Appeal by the defendant from a judgment of the County Court, Nassau County (Boklan, J.), rendered August 6, 1987, convicting him of vehicular manslaughter, vehicular assault, assault in the second degree, criminally negligent homicide and operating a motor vehicle under the influence of alcohol (two counts), upon a jury verdict, and imposing sentence.
Ordered that the judgment is affirmed, and the matter is remitted to the County Court, Nassau County, for further proceedings pursuant to CPL 460.50 (5).
Shortly after dusk on September 7, 1985, the defendant picked up his friend, Michael LaRocca, in Inwood to attend a nearby festival. Just after paying the toll and crossing over the Atlantic Beach bridge, the defendant accelerated his pickup truck through a red light, sideswiped an oncoming car, went out of control and careened head-on into another vehicle. The collision killed the driver of the second car and seriously and permanently injured the passenger. Rescuers found the defendant on the floor of his truck and LaRocca lying across the seat. The defendant was charged under the instant indictment, inter alia, with vehicular manslaughter, vehicular assault and operating a motor vehicle while under the influence of alcohol. At trial, the defense theory was that LaRocca was driving the defendant’s truck at the time of the collision. The jury found the defendant guilty on all counts of the indictment.

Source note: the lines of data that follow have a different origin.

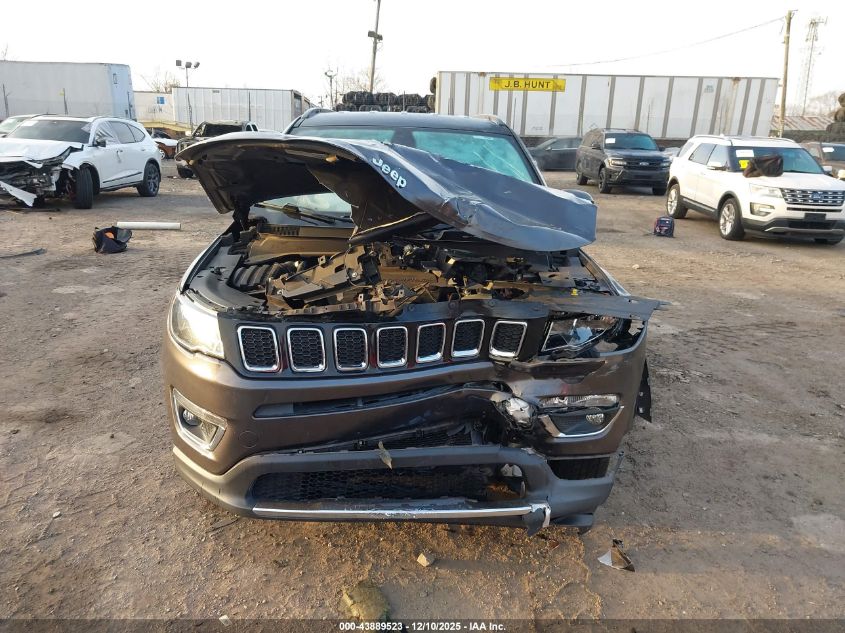 2018 Jeep Compass Limited 4X4 VIN: 3C4NJDCB7JT479397 Lot: 43889523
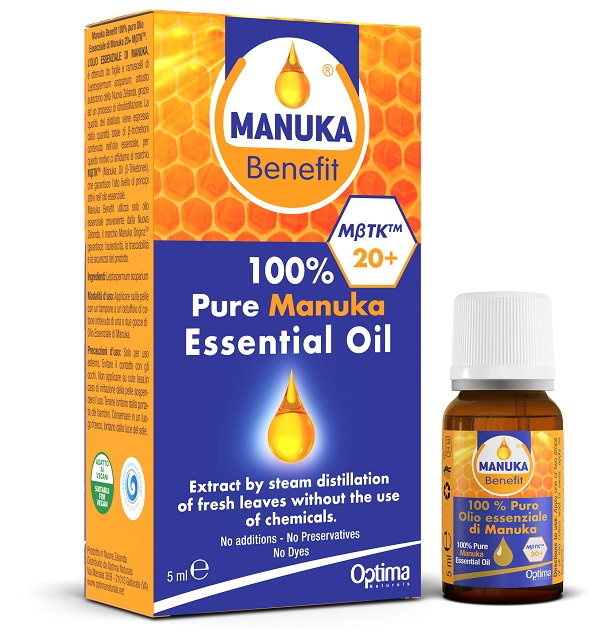 MANUKA BENEFIT OLIO ESSENZIALE DI MANUKA 5 ML - UniversoFarmacie.it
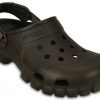 Crocs Minimalistiset kulutusta kestävät Cozy Sports Unisex-ruskeat sandaalit 202651-23B Crocs Minimalistiset kulutusta kestävät Cozy Sports Unisex-ruskeat sandaalit 202651-23B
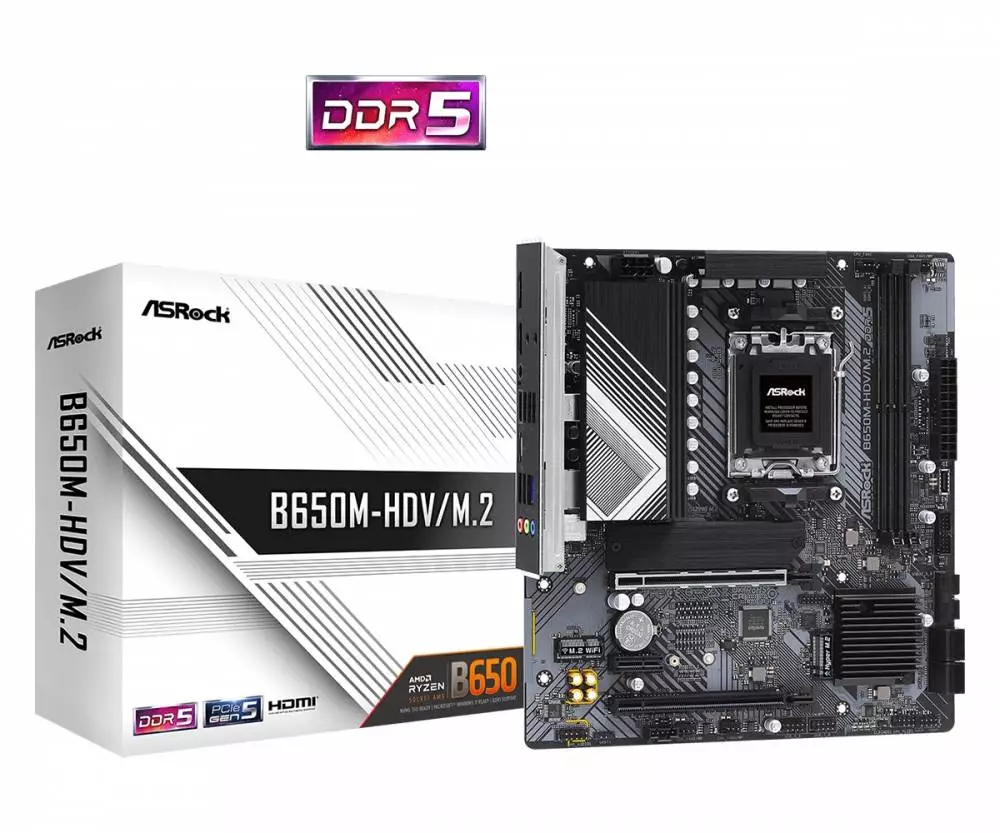 Mainboard Asrock B650M-HDV/M.2 AM5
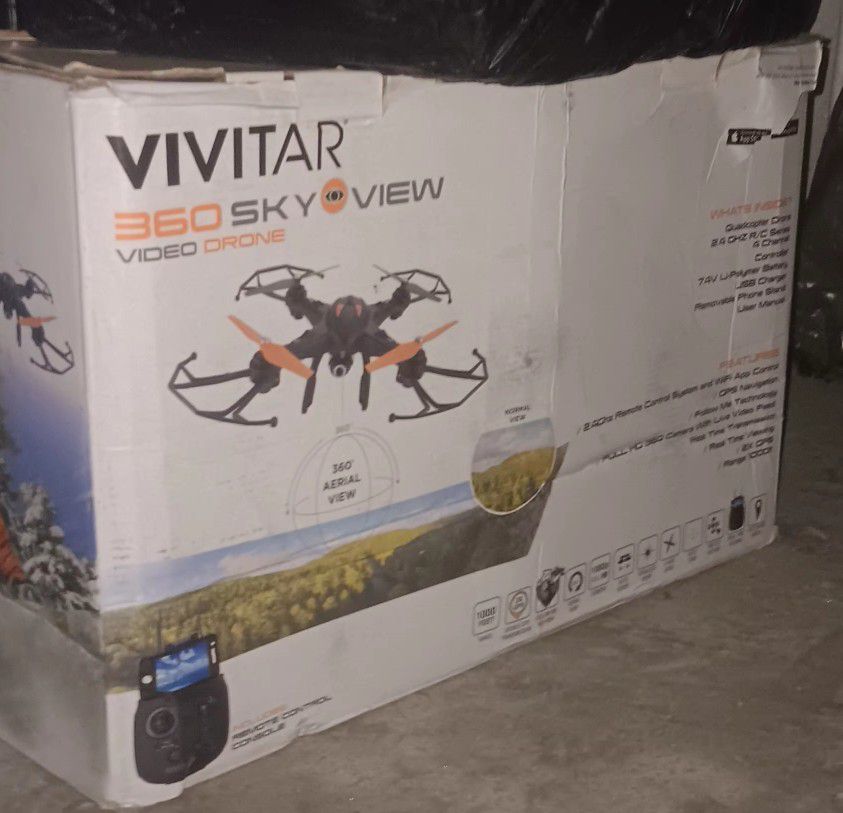 Vivitar Drone  With Video And GPS Tech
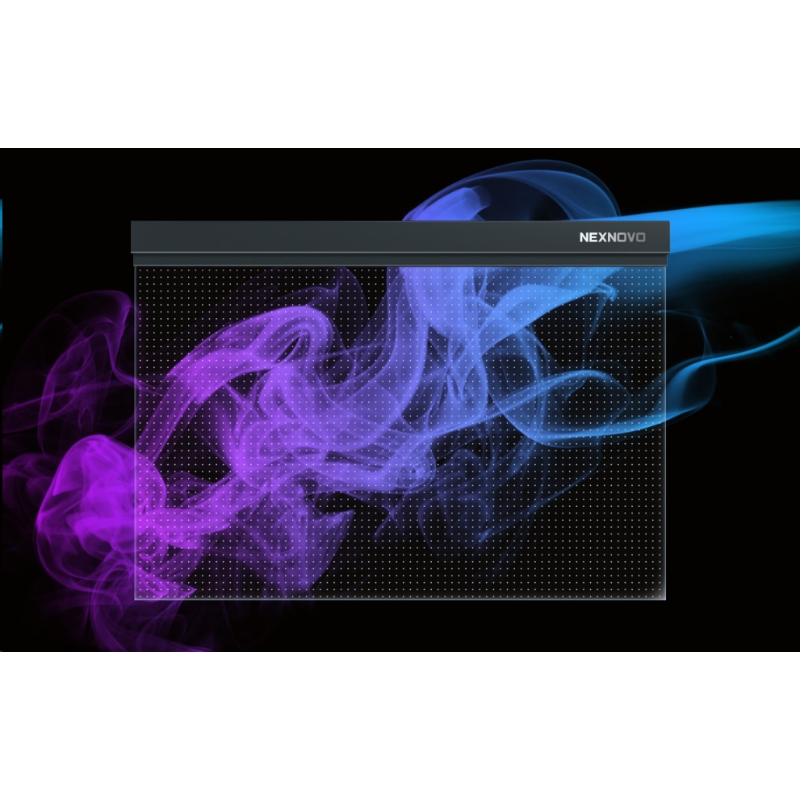 Indoor LED Transparent Glass Display Screen for Shop Window Digital Signage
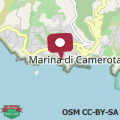 Mapa Charming House in Marina di Camerota + Garden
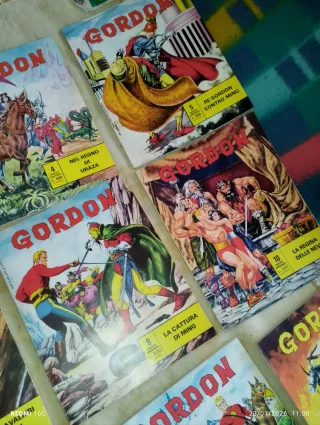 Flash Gordon fumetti vintage anni Sessanta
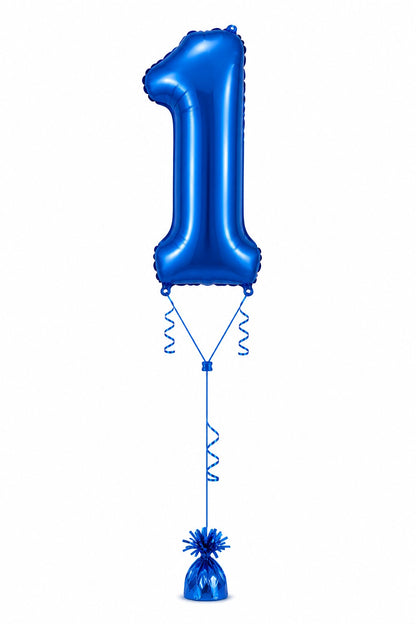 Jumbo Number Balloons - 86cm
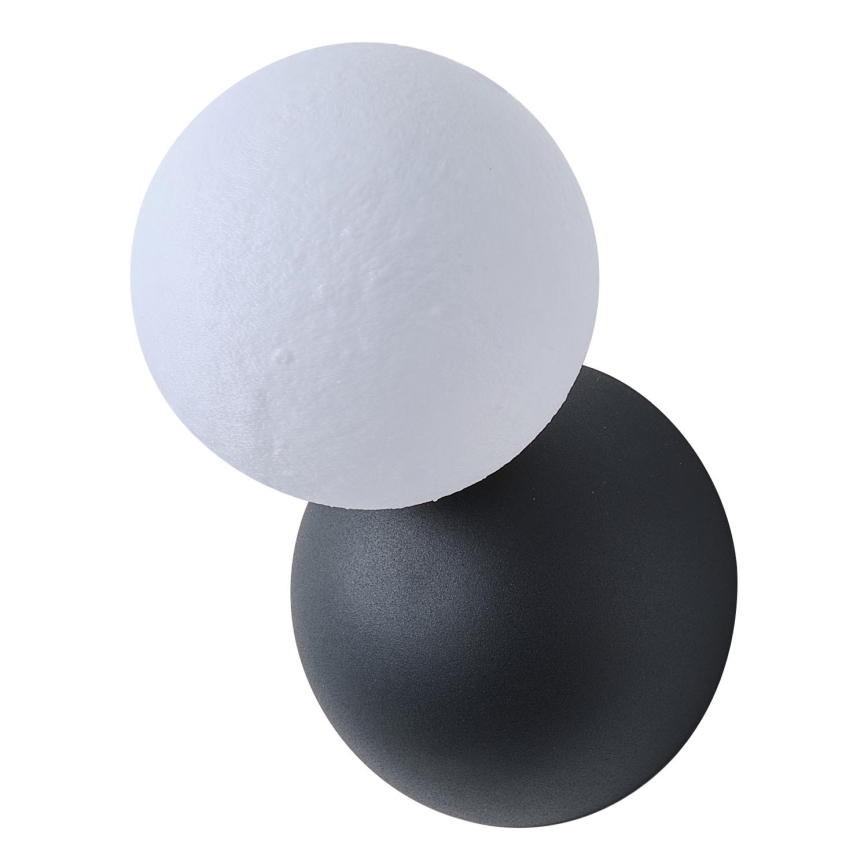 Iluminação de parede 1xG9/25W/230V preto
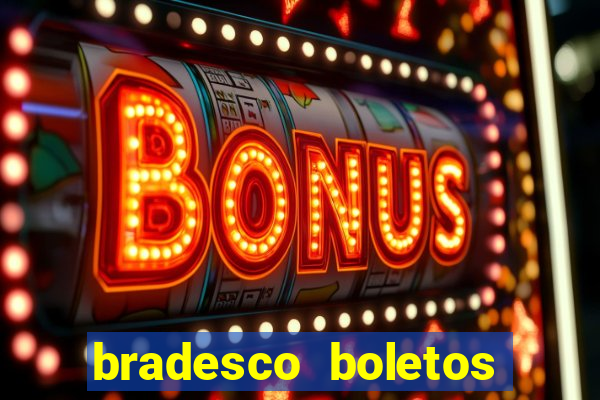 bradesco boletos segunda via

On this appeal, the defendant contends that the People violated the principles of Brady v Maryland (373 US 83) by failing to turn over, until the eve of trial, a statement given to the police by the toll collector which indicated that the driver *573of the defendant’s truck had dark hair (the defendant was blond and LaRocca had dark hair). We disagree and find that the defense was afforded an ample opportunity to utilize the statement effectively at trial and that he, in fact, did so (see, People v Simmons, 36 NY2d 126; People v Bolling, 157 AD2d 733). Defense counsel received the statement two days before the witness testified and used it in cross-examining the toll collector in an attempt to discredit her trial testimony that the driver had blond hair. In addition, the detective who interviewed the toll collector was called as a defense witness and questioned about the statement. "[A] defendant’s constitutional right to a fair trial is not violated when, as here, he is given a meaningful opportunity to use the allegedly exculpatory material to cross-examine the People’s witness[es] or as evidence during his case” (People v Cortijo, 70 NY2d 868, 870; see, People v Brown, 67 NY2d 555, cert denied 479 US 1093).
The defendant further claims that he was denied a fair trial when the prosecutor introduced, on LaRocca’s redirect examination, portions of his Grand Jury testimony indicating that the defendant was driving the truck. Because the defendant failed to sufficiently object to the admission of this testimony, his present claim is unpreserved for appellate review (see, CPL 470.05 [2]). In any event, defense counsel "opened the door” to this issue by questioning this witness on cross-examination about the one instance in his prior testimony where he referred to the driver as "I”. As such, the prosecutor properly used the remainder of LaRocca’s Grand Jury testimony on this issue in order to explain and clarify the apparent inconsistency (see, People v Melendez, 55 NY2d 445).
Nor do we find that the defendant was denied the effective assistance of counsel. In this regard we note that the case turned on the issue of who was driving the truck at the time of the accident. To this end, counsel thoroughly cross-examined LaRocca, the People’s key witness, as well as the other prosecution witnesses, and presented expert and other testimony in an attempt to show that LaRocca was driving. That the jury ultimately believed the People’s witnesses over the defendant’s witnesses does not render defense counsel’s representation less than meaningful (see, People v Baldi, 54 NY2d 137).
The defendant’s remaining contentions are unpreserved for appellate review or without merit. Thompson, J. P., Brown, Eiber and O’Brien, JJ., concur.